In what I consider the best argument against tenure, Bugeja
cursed the connected world that is rapidly passing him by in the keynote
address at our Midwest regional spring conference for the Society of
Professional Journalists.
The theme of
the conference?
Convergence of new
media.
Yes, this guy. Bugeja says new gadgetry has us chained to our newsroom desks, forcing us to do all
of our reporting through the telephone and email. By the way, he says telephones and telegraphs are not bad. Apparently, he thinks any innovation that
happened, say, after Henry Ford, is dooming us.
“I don’t know when he was last in a newsroom,” said Jared
Strong of the Des Moines Register, who sat in on the panel “What I Wish I Had
Learned in Journalism School But Didn’t.”
If Bugeja had bothered to observe some modern newsrooms, he
would know that technology actually allows me to get out of the office more, be
where the news is, because I’m always connected through my smart phone, my
email and my ability to deliver the news through a variety of media, including
Twitter.
Of course, Bugeja hates Twitter. And Facebook. And really
any of the ways that people like to connect now and trade information.

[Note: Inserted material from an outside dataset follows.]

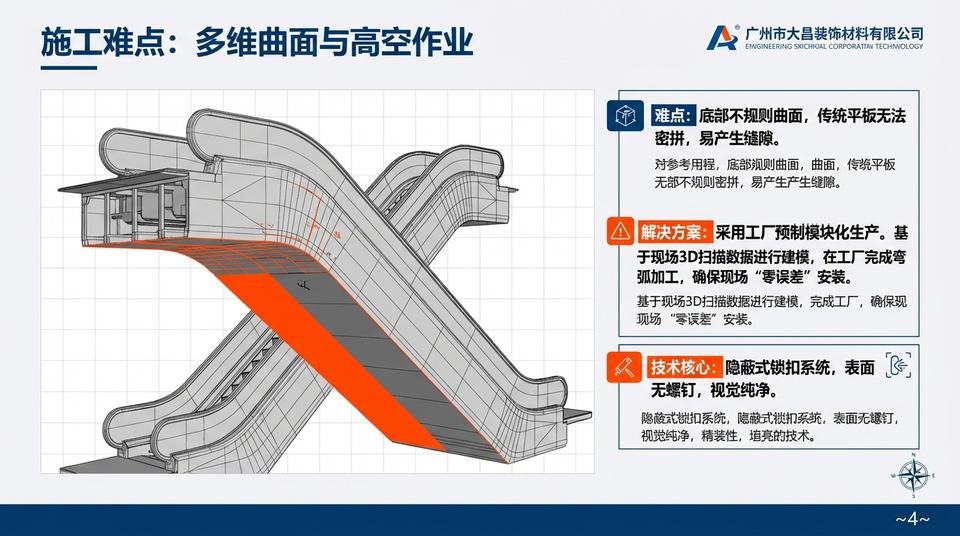 Beijing Landmark - Engineering Practice (1) - Image 5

I began covering his speech on Twitter.
Andy Dickinson
answered that maybe Bugeja is just trying to get attention.
The most disturbing part of Bugeja’s views is, he could be
any of our bosses. In many newsrooms
across the country, people are resisting change with his same fervor, as the
world changes around us. In his speech,
he kept referring to himself as “a reporter,” as if that some how brought him
out of his academic daydream and down to reality with the rest of us. It didn’t.

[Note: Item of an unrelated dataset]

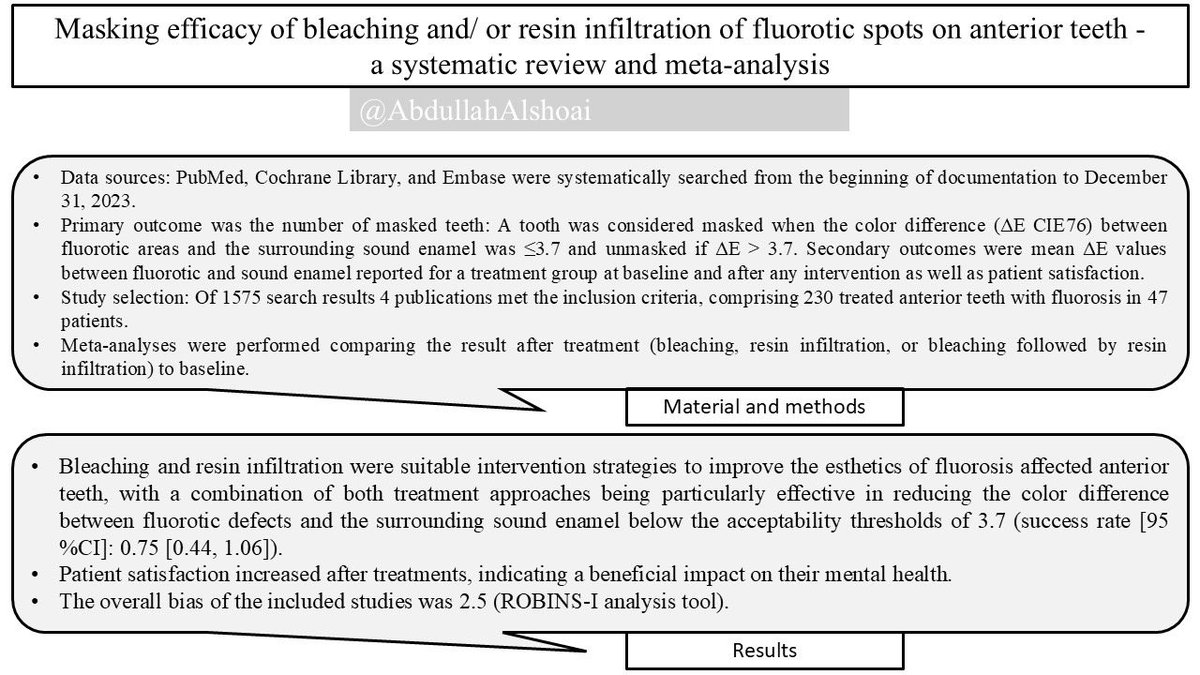 AbdullahAlshoai's tweet photo. #Dental_updates 

Masking efficacy of bleaching and/ or resin infiltration of fluorotic spots on anterior teeth -        a systematic review and meta-analysis

Journal of Dentistry 149 (2024) 105276 https://t.co/fMTWu6Yzda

If he really worked as a reporter, in a world without
tenure, he would have to face the realities of technology.
He would have to learn new ways or
reporting, or he would soon be without a job.
He would soon be called into an editor’s office and be told to get up to
speed, or be replaced.
But he doesn’t
work in that world of declining circulations and ad revenue that’s moving to
the web.
So he can stick his head up
his campus and pretend that he knows best.

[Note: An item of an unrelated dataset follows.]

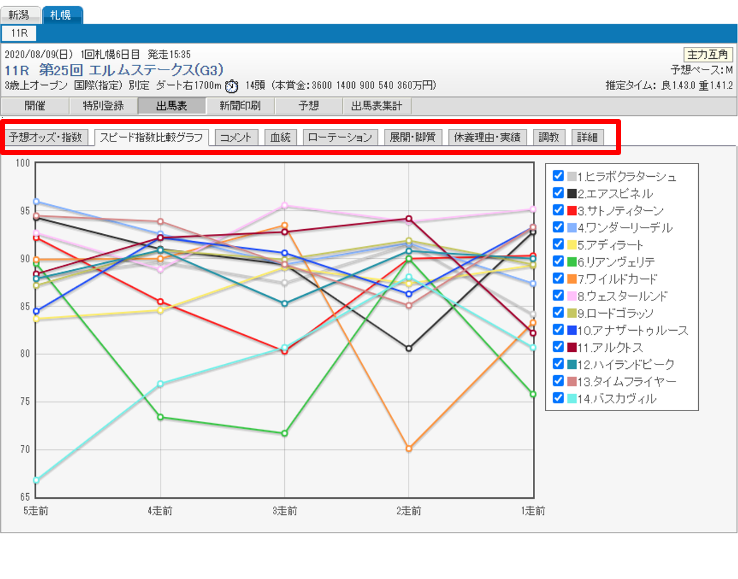 予想オッズやスピード指数比較グラフを確認できる画面のイメージ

I felt bad for the journalism
students I met at Iowa State who are bright and ambitious and having to listen
to this. I felt bad for the older journalists in the room, meaning about my
age, because some were nodding and smiling as if this were really making sense.
Still, Bugeja showed he has a glimmer of recognition
for reality. For all his resistance, he understands the Web can produce
transparency in journalism, allowing our audience to study our notes, our
source documents, to hear our interviews.
Don’t feel sorry for his students, either. They’re smart enough to see the ironies of
the chancing media world around them and how out of touch the director of their
school seems to be.
“The thing is,” one student told me about Bugeja, “you can only reach him by email.”